[INPUT FOR THIS TASK]

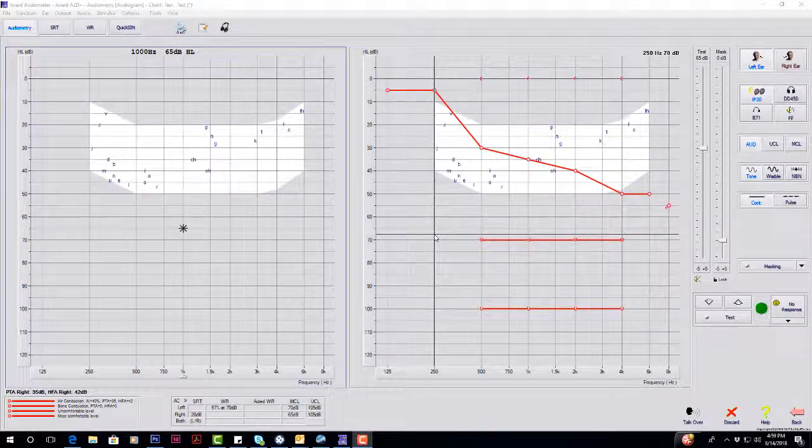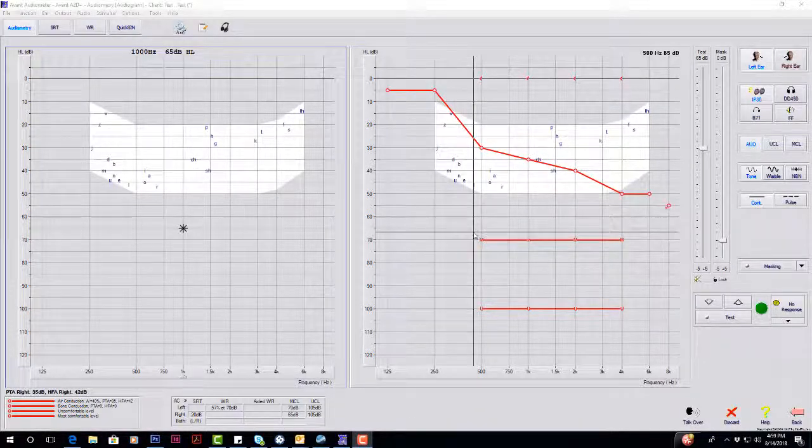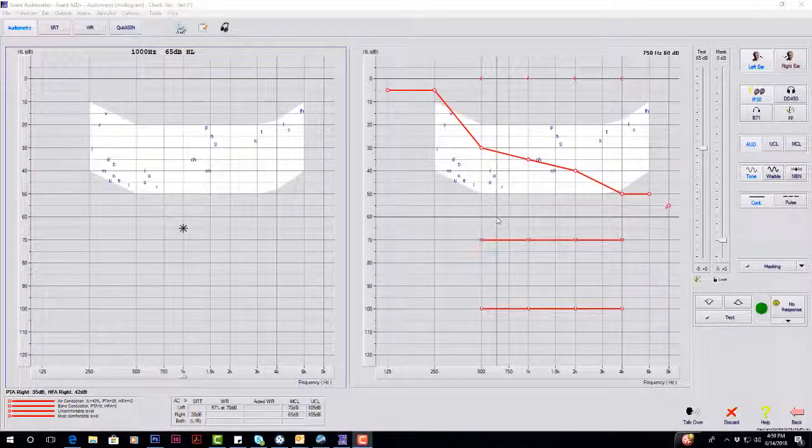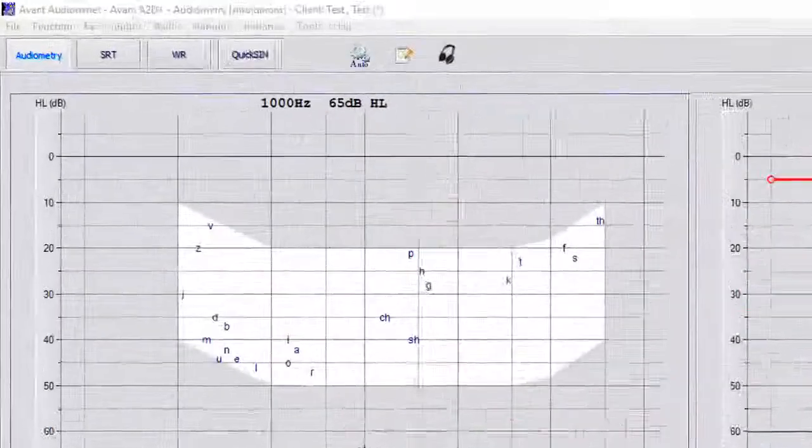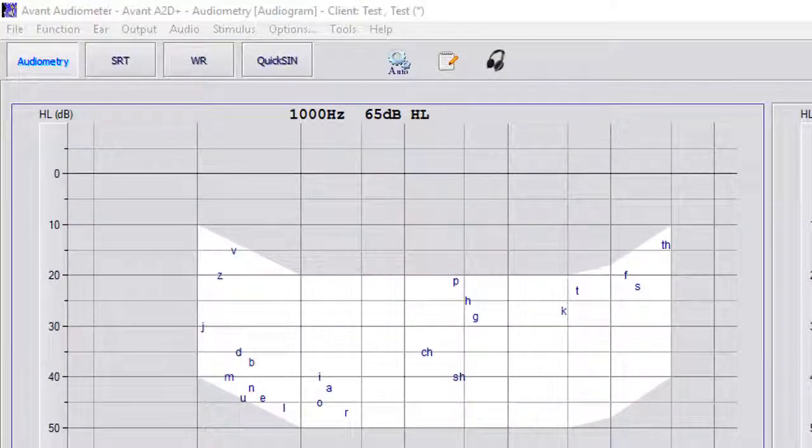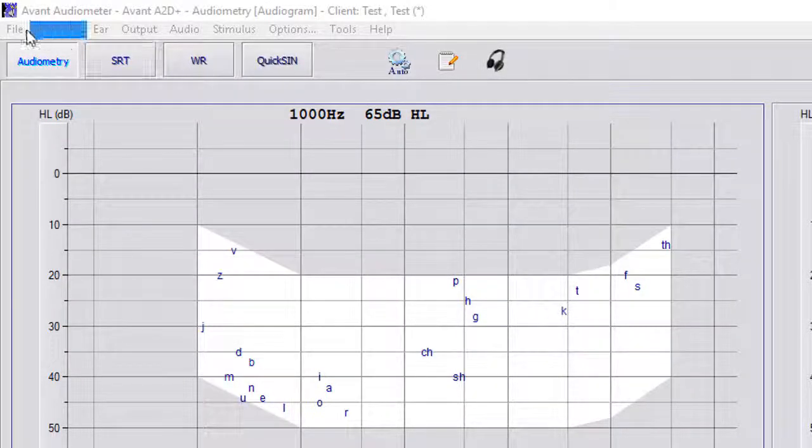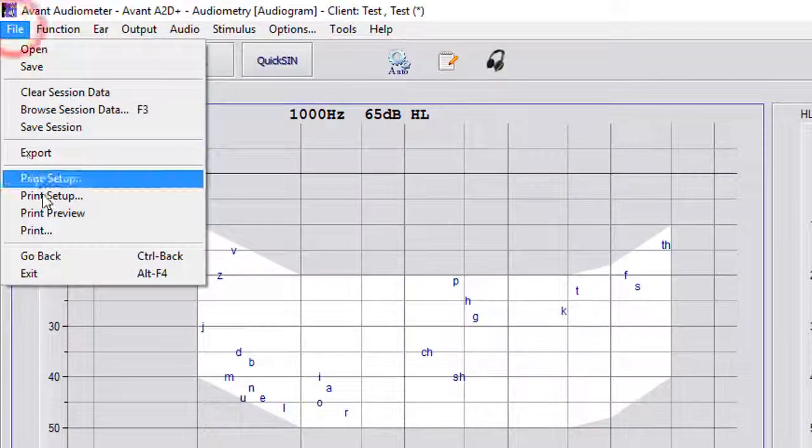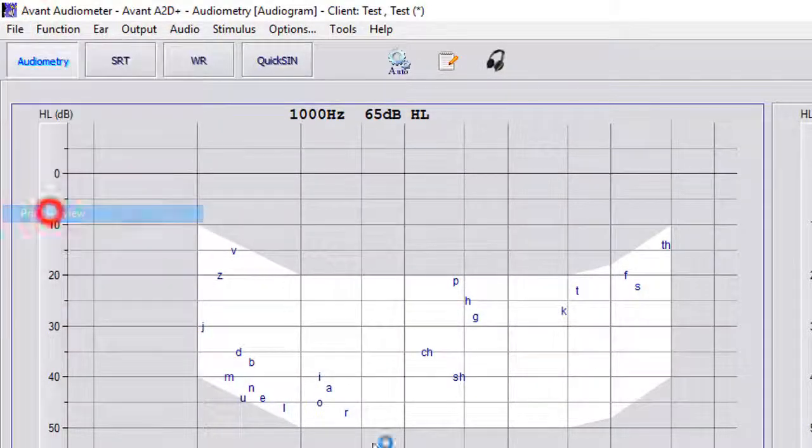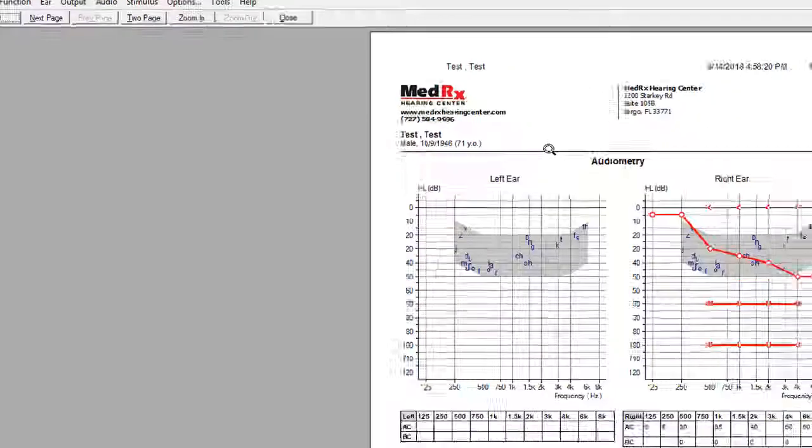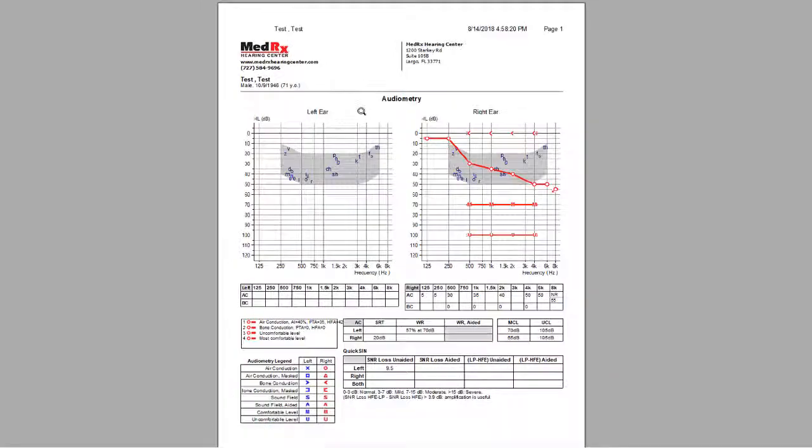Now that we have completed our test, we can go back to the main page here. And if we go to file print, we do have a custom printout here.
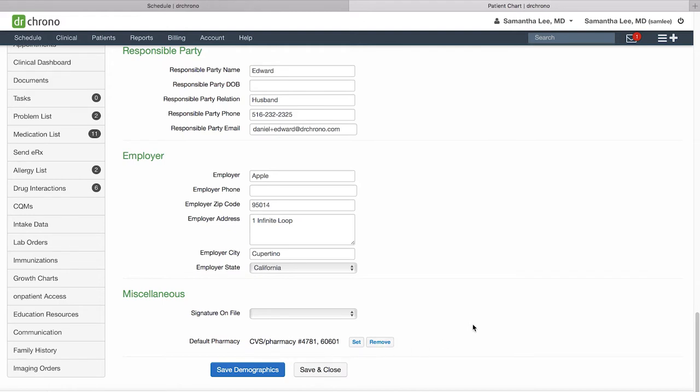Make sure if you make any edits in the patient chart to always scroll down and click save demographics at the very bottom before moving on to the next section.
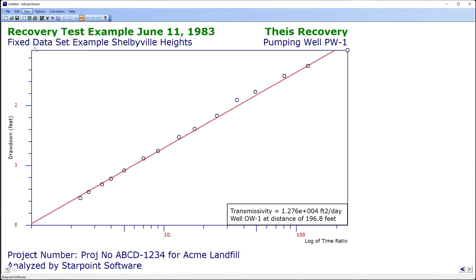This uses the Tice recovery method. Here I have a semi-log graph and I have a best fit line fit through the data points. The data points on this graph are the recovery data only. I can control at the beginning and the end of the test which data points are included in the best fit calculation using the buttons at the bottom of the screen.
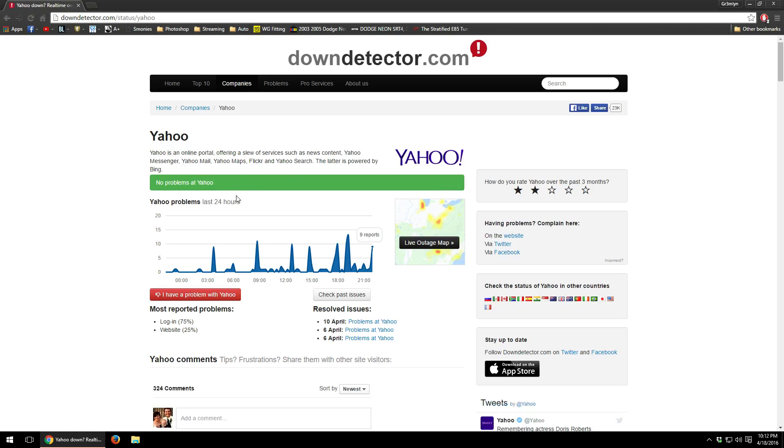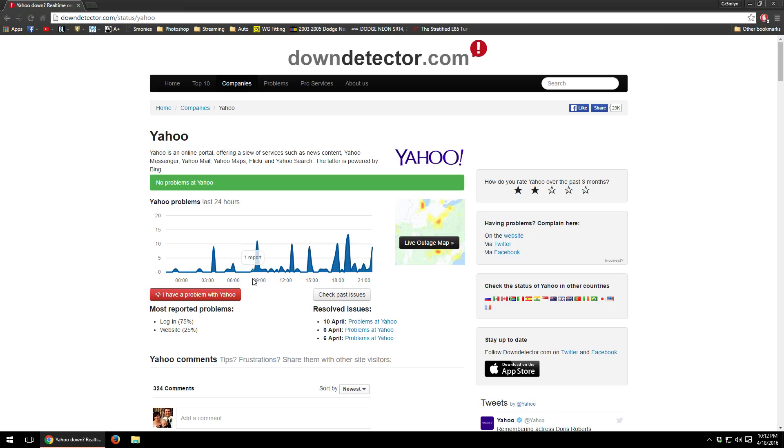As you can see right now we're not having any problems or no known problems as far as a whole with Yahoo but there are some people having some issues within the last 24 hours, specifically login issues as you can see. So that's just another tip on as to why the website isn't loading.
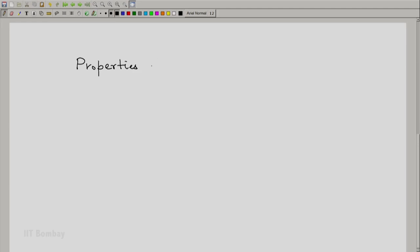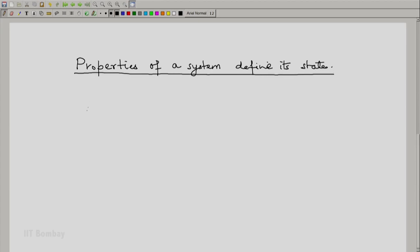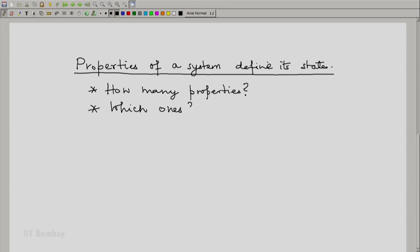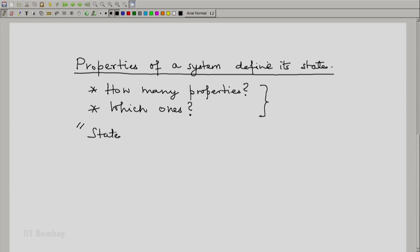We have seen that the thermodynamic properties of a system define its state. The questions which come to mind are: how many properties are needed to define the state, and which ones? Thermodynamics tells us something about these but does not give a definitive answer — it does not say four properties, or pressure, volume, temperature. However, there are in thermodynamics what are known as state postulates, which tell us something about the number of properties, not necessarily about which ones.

[/INPUT FOR THIS TASK]

◆ **ASSIGNMENT**
Above are the records; please give again, exactly and in full, only the lines that run from the line with "Make sure if" through the line with "This uses the", with no pictures.

◆ **WRITTEN REPLY**
Make sure if you make any edits in the patient chart to always scroll down and click save demographics at the very bottom before moving on to the next section.
This uses the Tice recovery method. Here I have a semi-log graph and I have a best fit line fit through the data points. The data points on this graph are the recovery data only. I can control at the beginning and the end of the test which data points are included in the best fit calculation using the buttons at the bottom of the screen.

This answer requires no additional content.